Datasets

Create a Dataset

7min

To create a dataset go to your "Dataset" page and click on the blue "+New Dataset" button on the top right corner of the page. From there, follow these steps for either Text, Image, Audio or Video datasets.

Text

1. Choose if you want to upload your data row-based or document-based: if it's row-based it will assign each paragraph/row/item to a task. If it's doc-based, each document will be a task.

Document image


2. Select a file/files from your computer: you can either drop files or browse in your computer to upload.

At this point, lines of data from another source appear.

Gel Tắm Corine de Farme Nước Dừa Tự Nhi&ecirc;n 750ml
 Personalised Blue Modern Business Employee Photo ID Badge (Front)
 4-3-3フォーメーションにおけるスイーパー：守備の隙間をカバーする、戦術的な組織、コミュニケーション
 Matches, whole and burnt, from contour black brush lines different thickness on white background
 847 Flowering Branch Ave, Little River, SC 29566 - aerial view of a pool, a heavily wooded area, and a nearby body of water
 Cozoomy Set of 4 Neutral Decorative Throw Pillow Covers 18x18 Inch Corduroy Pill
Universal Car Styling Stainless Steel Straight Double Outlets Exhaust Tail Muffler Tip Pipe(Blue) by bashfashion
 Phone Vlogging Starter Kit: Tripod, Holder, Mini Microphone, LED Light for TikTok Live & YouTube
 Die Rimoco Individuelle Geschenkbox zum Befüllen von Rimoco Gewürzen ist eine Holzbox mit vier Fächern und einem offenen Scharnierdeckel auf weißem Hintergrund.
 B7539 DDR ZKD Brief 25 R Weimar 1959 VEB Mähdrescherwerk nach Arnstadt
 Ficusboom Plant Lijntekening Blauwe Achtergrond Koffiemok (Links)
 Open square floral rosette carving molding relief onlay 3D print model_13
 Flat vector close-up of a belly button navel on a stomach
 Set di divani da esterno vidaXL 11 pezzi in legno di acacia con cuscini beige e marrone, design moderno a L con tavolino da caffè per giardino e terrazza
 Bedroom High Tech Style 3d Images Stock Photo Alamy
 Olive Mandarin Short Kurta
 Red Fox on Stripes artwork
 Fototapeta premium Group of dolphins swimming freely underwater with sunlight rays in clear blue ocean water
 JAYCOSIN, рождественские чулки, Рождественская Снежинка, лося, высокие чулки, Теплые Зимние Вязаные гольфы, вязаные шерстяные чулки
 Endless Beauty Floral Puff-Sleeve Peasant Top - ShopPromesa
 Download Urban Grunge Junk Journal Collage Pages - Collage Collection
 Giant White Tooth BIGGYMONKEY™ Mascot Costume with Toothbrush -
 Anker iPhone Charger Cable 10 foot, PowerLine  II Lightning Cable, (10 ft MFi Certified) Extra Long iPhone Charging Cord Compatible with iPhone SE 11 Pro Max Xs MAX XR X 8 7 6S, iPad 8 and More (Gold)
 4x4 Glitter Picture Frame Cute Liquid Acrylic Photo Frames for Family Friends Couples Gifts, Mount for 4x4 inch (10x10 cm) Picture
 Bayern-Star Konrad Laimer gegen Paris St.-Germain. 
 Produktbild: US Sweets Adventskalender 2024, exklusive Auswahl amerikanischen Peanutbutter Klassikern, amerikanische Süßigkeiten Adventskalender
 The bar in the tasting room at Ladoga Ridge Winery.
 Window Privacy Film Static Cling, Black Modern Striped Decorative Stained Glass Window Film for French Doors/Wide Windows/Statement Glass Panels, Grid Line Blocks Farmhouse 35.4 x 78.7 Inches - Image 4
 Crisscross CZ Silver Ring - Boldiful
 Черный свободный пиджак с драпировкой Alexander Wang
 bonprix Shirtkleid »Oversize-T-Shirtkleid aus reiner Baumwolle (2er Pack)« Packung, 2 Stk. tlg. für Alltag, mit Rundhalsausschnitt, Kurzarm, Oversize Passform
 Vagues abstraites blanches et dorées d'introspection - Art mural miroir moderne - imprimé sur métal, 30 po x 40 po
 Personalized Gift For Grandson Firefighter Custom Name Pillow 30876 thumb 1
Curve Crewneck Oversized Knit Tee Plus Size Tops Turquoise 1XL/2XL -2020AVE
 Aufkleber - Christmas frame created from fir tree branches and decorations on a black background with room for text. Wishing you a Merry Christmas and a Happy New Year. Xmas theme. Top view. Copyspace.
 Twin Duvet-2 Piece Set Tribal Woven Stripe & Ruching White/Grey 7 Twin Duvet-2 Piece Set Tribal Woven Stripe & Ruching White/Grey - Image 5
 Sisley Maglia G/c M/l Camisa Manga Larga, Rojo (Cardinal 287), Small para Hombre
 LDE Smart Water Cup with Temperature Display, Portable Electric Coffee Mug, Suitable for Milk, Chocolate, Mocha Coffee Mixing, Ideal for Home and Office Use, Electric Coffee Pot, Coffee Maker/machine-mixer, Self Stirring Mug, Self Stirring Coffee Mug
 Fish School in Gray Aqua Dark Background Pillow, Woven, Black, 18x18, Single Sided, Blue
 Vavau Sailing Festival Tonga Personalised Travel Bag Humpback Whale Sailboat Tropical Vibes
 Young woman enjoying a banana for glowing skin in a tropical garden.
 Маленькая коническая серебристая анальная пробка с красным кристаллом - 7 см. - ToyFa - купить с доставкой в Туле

  • Maximum file size allowed is 5MB and 10,000 rows or 10 documents of 1MB each for doc-based datasets

3. Configure the dataset: set the purpose of each column

  • Row Header: Select if the first row of the file is a header
  • Column classification:
    • To be annotated: the columns with the text that has to be annotated. Depending on the type of project you have to choose one (for example: for text classification) or two (for example: for text similarity) columns.
    • Unique Identifier: if you have a column with IDs for every task
    • Task title: if each task has a title
    • With annotations: is your dataset annotated? select the columns with the annotations - it can be either a column per label or a single column with all the labels separated by " | " for each task - for further information please go to Datasets > Annotated Dataset
    • Row-based Tags: if each task has specific tags
    • Contextual info: if you need to add any specifications to a task you can have a column for that
  • "Ignore columns?" - By deafult is checked - will ignore columns not applied to any section above
Document image


4. Name and language

  • Name of the dataset: create a new name or choose from the dropdown from previous dataset or projects
  • Language: select from the dropdown
Document image


Image

1. Upload up to 20 images by either dropping them or browsing them in your files: they can either be JPG, JPEG or PNG and maximum file size allowed is 2MB.

Document image


2. Name and language

  • Name of the dataset: create a new name or choose from the dropdown from previous dataset or projects
  • Language: select from the dropdown



Audio

1. Upload up to 20 audios by either dropping them or browsing them in your files: they can either be MP3 or WAV and maximum file size allowed is 2MB.

Document image


2. Name and language

  • Name of the dataset: create a new name or choose from the dropdown from previous dataset or projects
  • Language: select from the dropdown

Video

1. Upload up to 20 videos by either dropping them or browsing them in your files: they must be MP4 and maximum file size allowed is 2MB.

Document image


2. Name and language

  • Name of the dataset: create a new name or choose from the dropdown from previous dataset or projects
  • Language: select from the dropdown